Ich staune immer wieder, mit welcher Besessenheit viele Inder die Unzahl von demokratischen Wahlen verfolgen. Seien es National-, Regional, Bezirks- oder Gemeindewahlen, sie stellen sicher, dass sechs Monate im Jahr irgendeine Wahl stattfindet. Sie färbt dann wochenlang Alltagsgespräche, lässt die sozialen Medien heisslaufen und bildet die Hauptmahlzeit des täglichen Medienkonsums.
Als Schweizer Journalist sollte ich damit vertraut sein, dennoch zähle ich es zu den Gnaden des Ruhestands, diesen Zirkus nicht mehr mitverfolgen zu müssen. Ich empfinde eine schelmische Freude, die Seiten um Seiten von Wahlprognosen, -kämpfen, -tagen, -analysen zu ignorieren und die stundenlagen Rundtisch-Diskussionen mit der Fernbedienung zum Schweigen zu bringen.
Doch dann kommt eine Wahl daher, die jede Idee eines politischen Zweikampfs derart ad absurdum führt, dass man ihr in einer Mischung von Faszination und Horror erliegt. Vor anderthalb Wochen gingen die Wähler im südindischen Karnataka an die Urnen. Das Wahlresultat: BJP 104 Sitze, Kongress 78, die Regionalpartei Janata Dal 38, plus zwei Unabhängige. Die einfache Mehrheit im Parlament von Bangalore beträgt 112.
Schuldenerlass
Kaum zeichnete sich dieser Trend ab, d. h. die Niederlage der bisher regierenden Kongresspartei, bot diese dem Janata Dal ein Regierungsbündnis an, in der Letztere den Regierungschef stellen durfte. Die beiden gingen zum Gouverneur, dem Vertreter der neutralen Verfassungsautorität, um als mehrheitsfähige Koalition den Regierungsauftrag zu erhalten.
Noch schneller hatte die BJP reagiert. Obwohl ohne Parlamentsmehrheit, beanspruchte sie als grösste Partei den Auftrag.

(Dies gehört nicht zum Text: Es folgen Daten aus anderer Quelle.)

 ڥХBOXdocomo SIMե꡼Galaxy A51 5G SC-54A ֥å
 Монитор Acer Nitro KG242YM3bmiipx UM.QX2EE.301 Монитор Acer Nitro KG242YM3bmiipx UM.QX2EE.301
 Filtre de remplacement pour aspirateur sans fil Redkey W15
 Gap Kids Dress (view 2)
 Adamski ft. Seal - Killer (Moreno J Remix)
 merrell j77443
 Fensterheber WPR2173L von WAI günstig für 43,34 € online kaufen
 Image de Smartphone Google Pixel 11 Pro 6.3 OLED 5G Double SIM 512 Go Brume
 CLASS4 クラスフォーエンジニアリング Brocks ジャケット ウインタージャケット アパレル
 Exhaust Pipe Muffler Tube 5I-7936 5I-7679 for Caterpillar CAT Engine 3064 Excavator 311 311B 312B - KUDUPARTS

Der Gouverneur, ein alter Parteifreund von Premierminister Modi, gab der BJP den Zuschlag. Mehr noch: sie erhielt eine Frist von zwei Wochen, um in einer Vertrauensabstimmung im Parlament ihre Mehrheit zu beweisen.

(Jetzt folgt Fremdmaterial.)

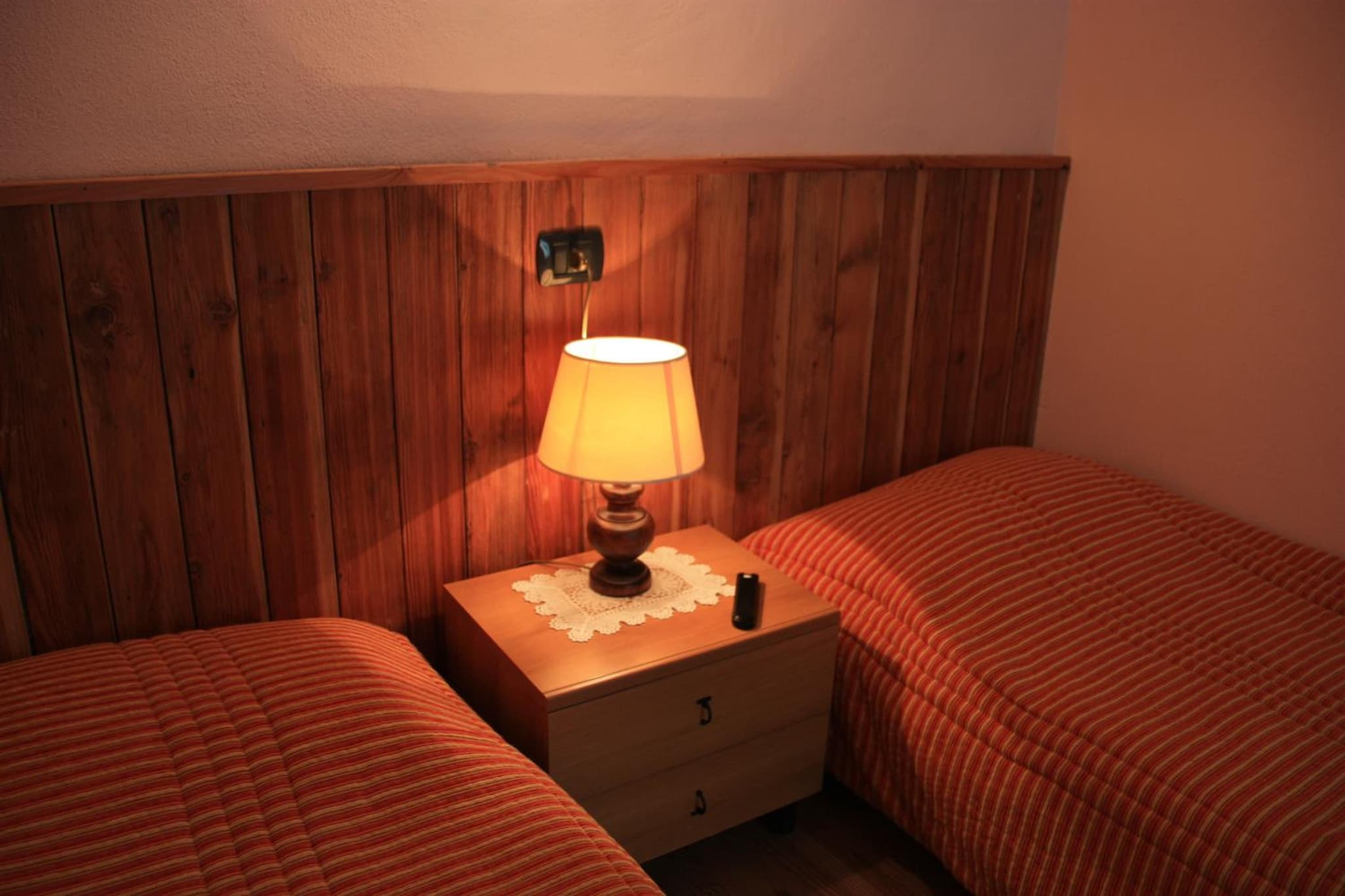 Hotel Bellevue photo 3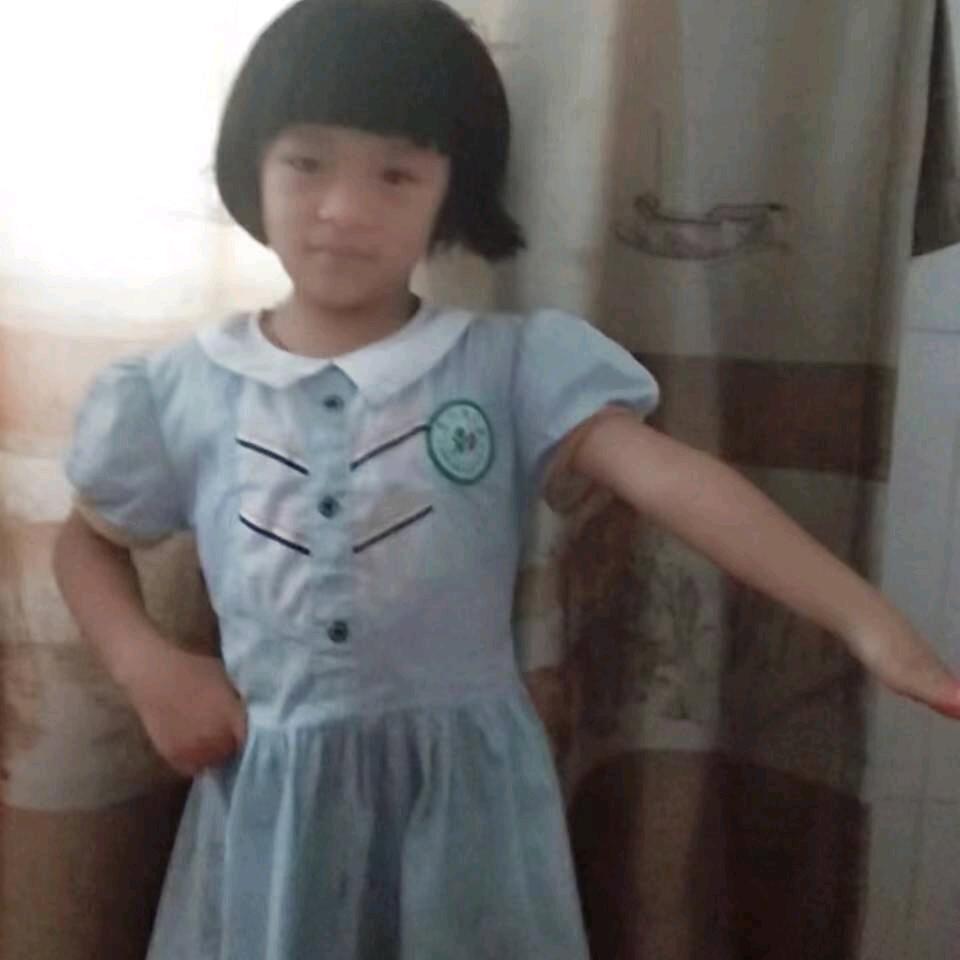随心随缘   开心就好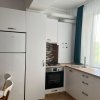 Apartament 2 camere situat in zona TOMSI NORD-CAMPUS thumb 6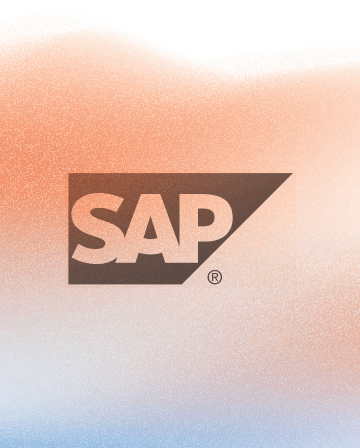 SAP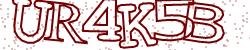 BotCaptcha.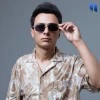 Mustafo Bayramov — O'paman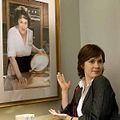 Julie et Julia : photo Amy Adams, Meryl Streep, Nora Ephron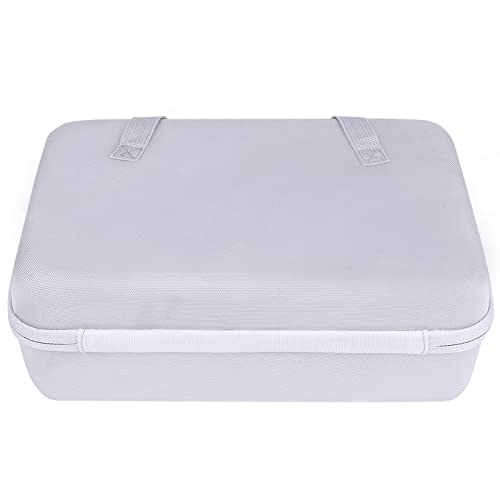 Apple Mac Studio M2 Ultra desktop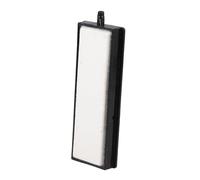 TOYANDONA Piedra de Aire Pequeña para Peceras Difusor Burbuja para Acuarios de Agua Dulce y Accesorio Duradero para Oxigenar y Mejorar Calidad del Agua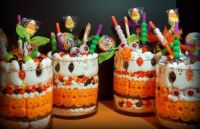 Halloween Fun #3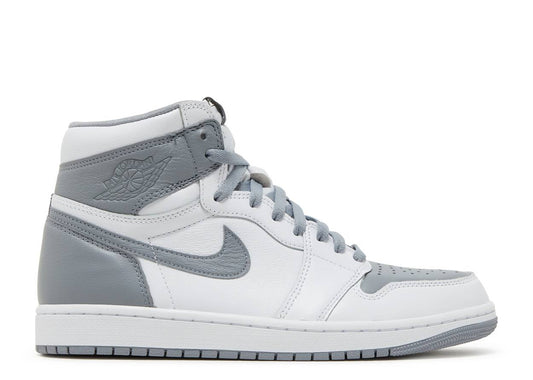 Air Jordan 1 Retro High OG - Stealth - Used Air Jordan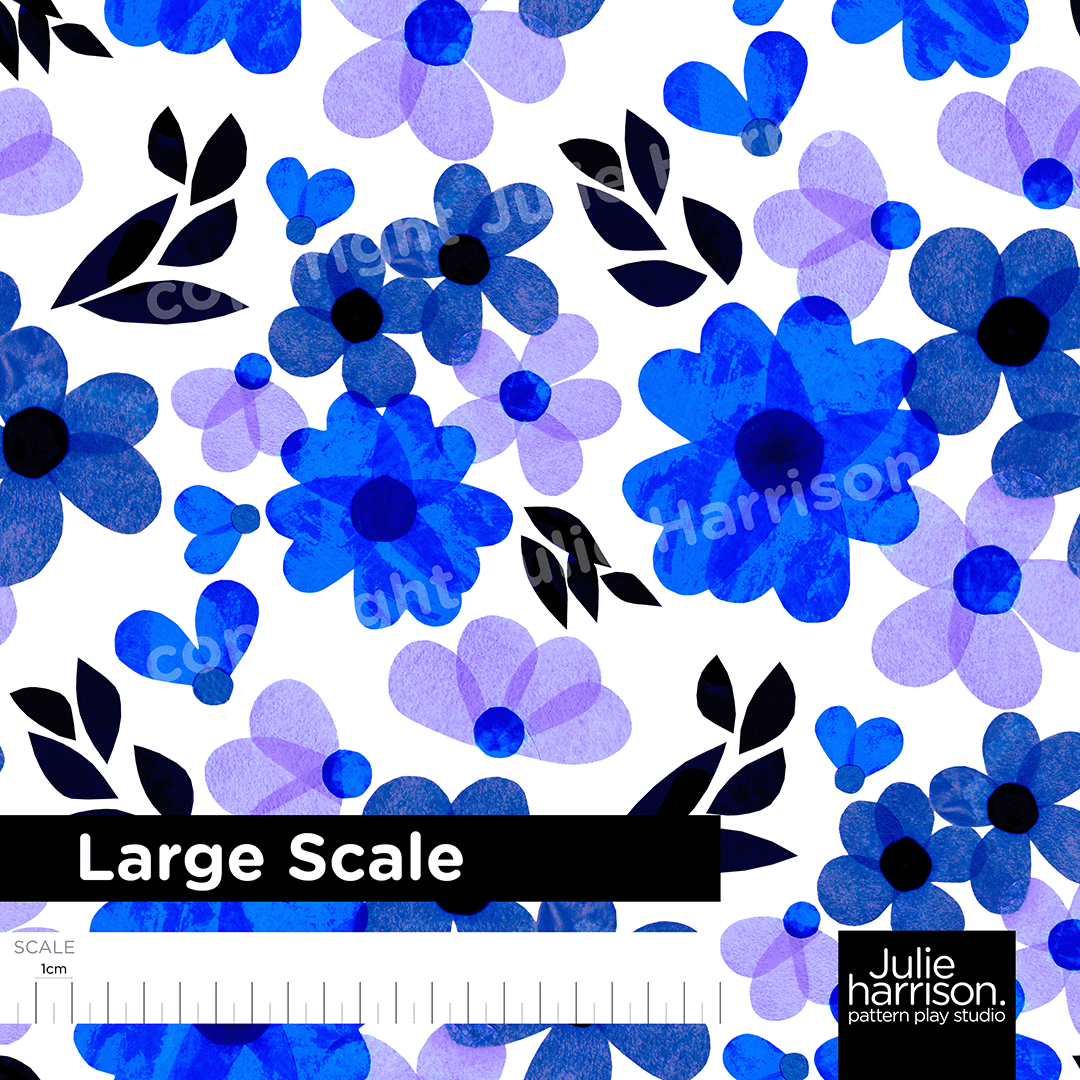 Scale_GardenBounty_Cobalt_Large.png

Bereits am nächsten Morgen liess sich der neue BJP-Ministerpräsident vereidigen. Noch bevor er sein Büro bezogen hatte, versprach er, allen Bauern des Staates ihre Bankschulden zu erlassen. Am gleichen Tag erhielten alle Abgeordneten (einschliesslich der Opposition) seine Einladung in ein Resort-Hotel, wo er das Regierungsprogramm vorstellen wollte. Für die Gegner war dies allerdings nichts dergleichen.
Schutzhaft
Ein Sturm brach los. Zwei Wochen?, entrüsteten sich die Gegner, das sei eine Einladung an die BJP, Vertreter von Kongress und JD zum Seitenwechsel zu bewegen. Aber sie setzten nicht mehr auf die Unparteilichkeit des Gouverneurs. Sie schufen ihre eigenen Vorkehren, um ihre Leute bei der Stange zu halten: Sie nahmen sie in einem Hotel in Schutzhaft, am besten im benachbarten Kerala.

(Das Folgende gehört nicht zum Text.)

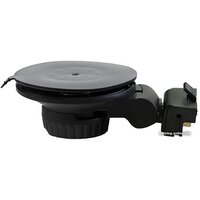 SilverStone F1 A50-FHD Image #5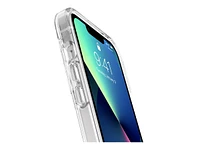 Incipio Design Series Case for iPhone 13 - Reflections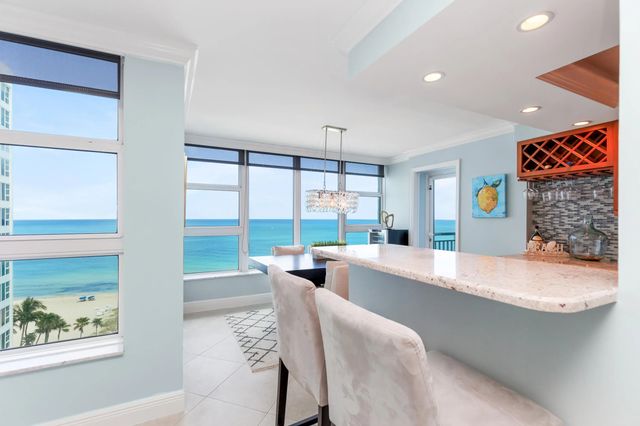1620 S Ocean Boulevard #10m, Lauderdale-By-The-Sea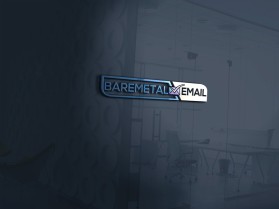 baremetalemail entry by Design Rock
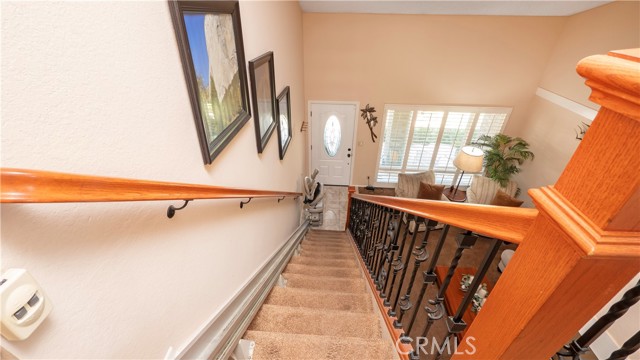 Detail Gallery Image 22 of 55 For 25912 Evergreen Rd, Laguna Hills,  CA 92653 - 4 Beds | 2/1 Baths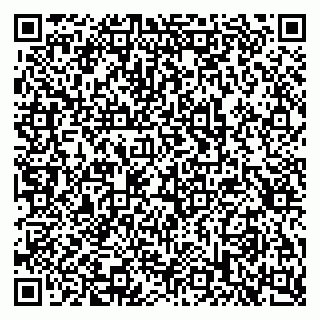 vCard 79397716982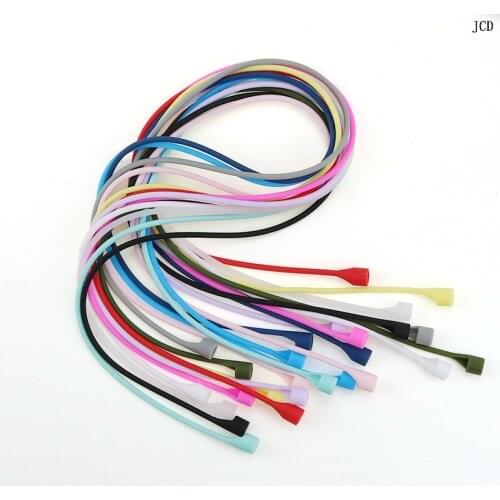 JCD Earphone Strap For Apple Airpods Anti Lost Strap Loop String Rope Silicone Headphone Cable Cord For Air Pods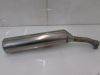 Muffler Yamaha FJR 1300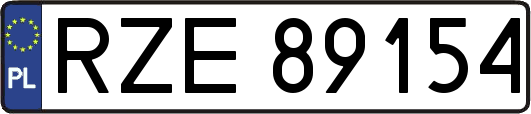 RZE89154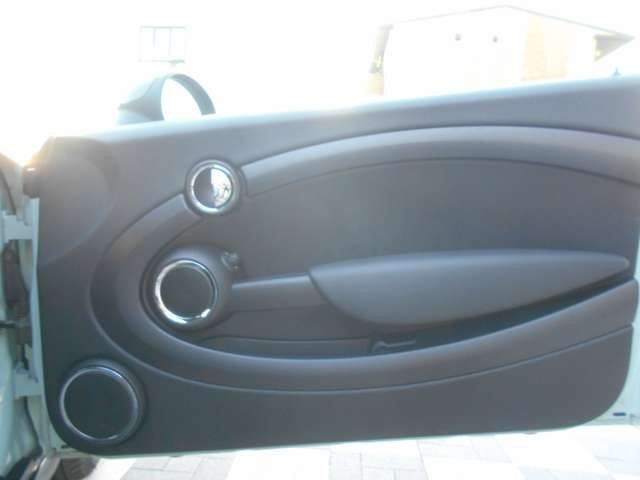 ad44720d5c45381bdf8d8ac316004344.jpg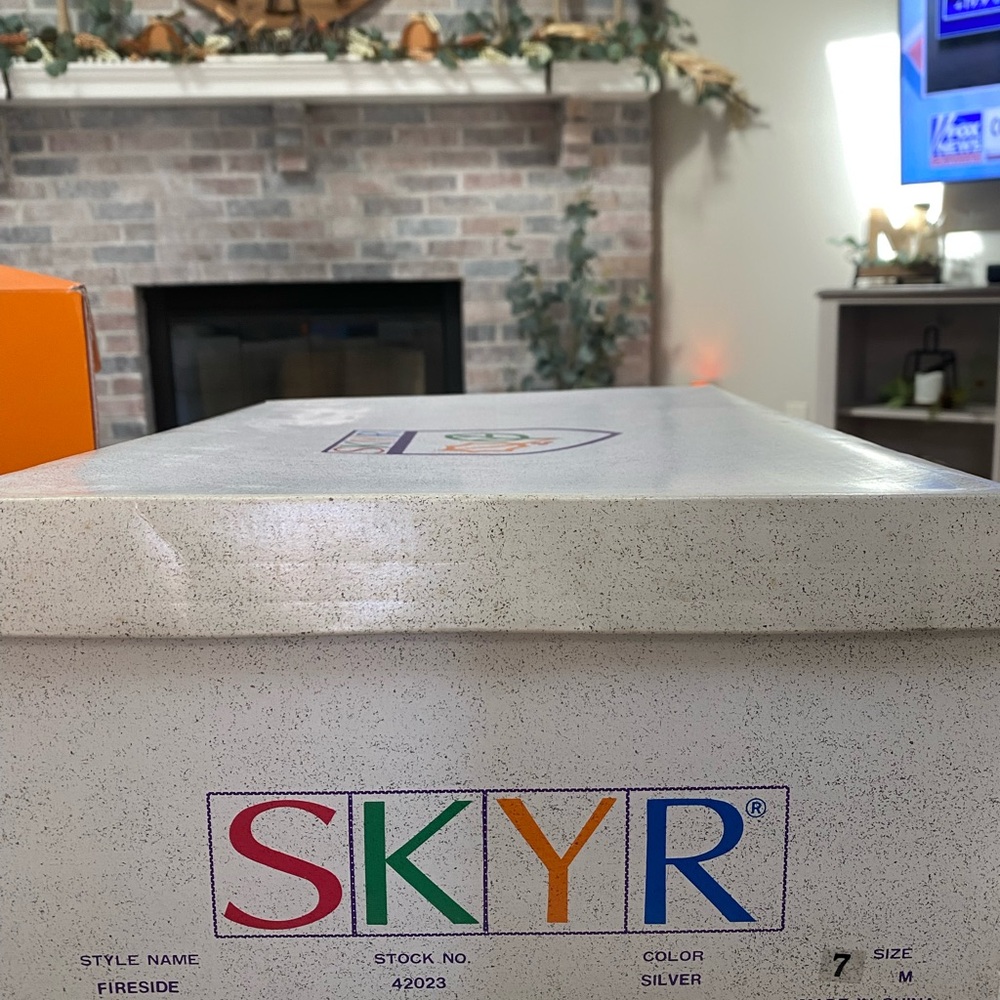 Never used - Picture 2 of 6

Keralas Tourismus-Behörde schaltete sofort einen humorigen Tweet, in dem sie ihre Hotels als „sicher und freundlich“ empfahl. Sie hatte aber zu früh gespasst. Das erste Hotel in Cochin, das für die 118 Abgeordneten reserviert wurde, sagte kurz darauf ab – politischer Druck aus Delhi habe das Management dazu gezwungen. Ein zweites wurde gebucht, eine Chartermaschine stand in Bangalore bereit. Doch nichts da – sie erhielt keine Abflug-Genehmigung.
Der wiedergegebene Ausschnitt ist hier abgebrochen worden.